According to Water For People’s monitoring, almost half of the district’s 33,470 residents do not have sanitation faciliaties at home– including most families in his town of K’aspi Cancha.

“Even at night, in the wind, or in the rain, we used to have to go outside,” explains Pablo.

When K’aspi Cancha’s new water system was being constructed by the district government and Water For People, Pablo attended a workshop about the importance of hygiene and sanitation.

“In the workshops, they told about waterborne illnesses and contamination of water supplies,” says Pablo. “They told us, ‘If you are going to have water, you should construct your bathrooms and have showers, toilets, and sinks.”

Pablo left the workshops realizing he wanted to improve his family’s life. He wanted his sons to have what he never had as a child – a decent bathroom.

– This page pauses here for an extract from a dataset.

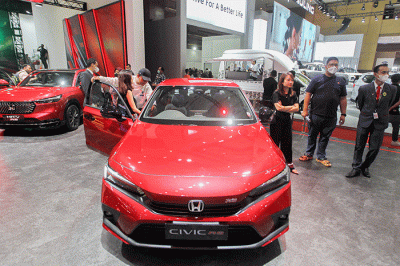 Pengunjung saat melihat mobil yang dipamerkan dalam pameran Indonesia International Motor Show (IIMS) 2023 di JIExpo Kemayoran, Jakarta, Jumat (17/2/2023).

Pablo immediately got to work.

“I am not a mason, but I constructed the bathroom myself,” says Pablo. “Now we can shower with hot water before bed and take care of our hygiene. Now, my house is complete, and it feels like we live in the city!”

The new bathroom changed Pablo’s life so dramatically that he took it upon himself to promote sanitation to the town’s 54 families. There are currently seven additional families that are already building bathrooms, and Pablo’s happy to help them out.

“There is an older gentleman who needed a bathroom, but he couldn’t build it,” shares Pablo. “He had pain in his knees, and a toilet would be much more comfortable than open defecation. I told him to buy the materials and I would help him build the bathroom after I am done planting my crops.”

Pablo will go to any lengths to encourage his friends and neighbors to build bathrooms. He says his life has improved so much since building his family’s, and he wants the same for everyone in K’aspi Cancha.

“Now, my life lacks nothing,” says Pablo.